Hacker News new | ask | show | jobs
by Ph0X 3486 days ago
Social experience at a grocery store feels contrived and not everyone may want it. Maybe you enjoy talking to your cashier but not everyone does, so why should everyone be forced to just because some do? It makes much more sense to keep groceries for grocery shopping, and social places such as bars for socializing.
2 comments

"Social experience at <x> feels contrived and not everyone may want it."

This pretty much sums up _everything_. So, why do we even try to have societies?

Edit: You use an example of going to a bar. You realize "... not everyone may want ..." to socialize at a bar? Some just go to drink.

I would hypothesize that wanting shopping to be focused on convenience over the social aspect is a much more common opinion (see: online shopping) than wanting to go to a loud, crowdy, noisy environment where you can pay a premium to drink alcohol and not be social.

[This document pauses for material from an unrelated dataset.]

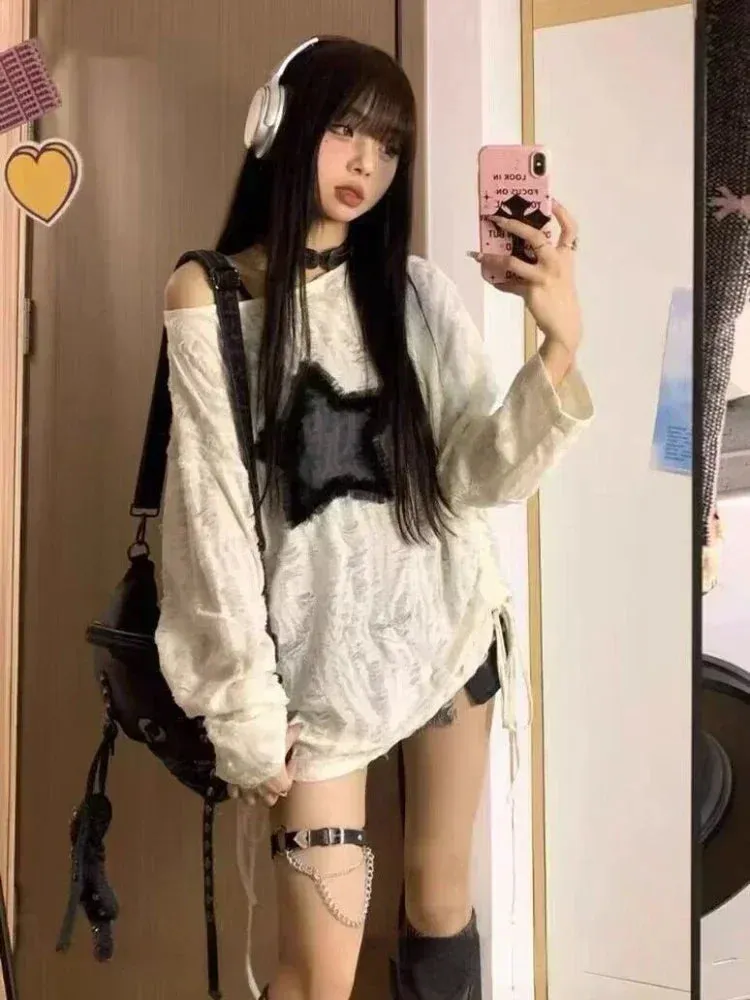Aiertu Grunge Hole T-shirt Women Fashion Star Print Y2k Aesthetic Loose Tees Kpop Fairycore Ripped Tshirt Harajuku Gothic Streetwear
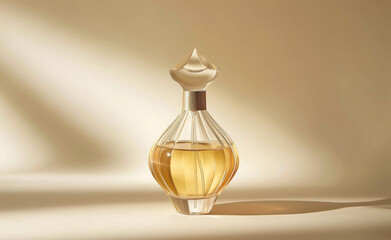 Essence of Purity: Elegant Geometric Perfume Bottle on Beige Background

I don't think that is a fair comparison at all. Somethings are inherently social, like going to a bar, where as others are much more of a grey area. I would argue that many of these have historically been social experiences out of necessity (no automated machines, no online shopping, etc.), not out of the need for social interaction.

My stepfather owned a bar for some decades. It's not quite as social as you would imagine. A great many people go there to drown "around" people, but not necessarily to drown "socially".
Doesn't that even more show the value of just being around other people? It's definitely a lot cheaper to drink your own booze at home.
And that's what people do when e.g. they care more about economic considerations than social stigma of drinking alone.
This is an excellent point. For thousands of years, the default was every interaction was social. The idea that you should be able to walk into a standardized store and converse with a clerk like they were an automated sales droid is only a fairly recent phenomenon. These faceless, purely functional transactions - they are exception, not the norm.
The point of a bar is to socialize, or at least have company. Otherwise why not buy a bottle and stay home?
Some people don't want to socialize, but just be "around" people. There seems to be a difference.

May be the stigma of drinking alone, where one is sometimes considered a drunk if one drinks alone.

There are these other people at grocery stores besides the employees, I believe they are called "patrons" to whom you may also converse with...
This is a typical sales-y way of trying to fake an interaction people actually seek. People paid to "talk" with you are not the same as honest, casual conversation with hard-working clerks.
Paid to talk to you? What kind of dystopian grocery store do you go to?
That's how I understand your comment.

Shops in the place I live in are fine, but I've heard about "greeters" in America, so it wouldn't surprise me at all if there also were paid people to talk to...

haha no I've never encountered such folks. I was being sarcastic when I put "patrons" in quotes, because the GP seemed to imply the only people to socialize with at a grocery were the cashiers.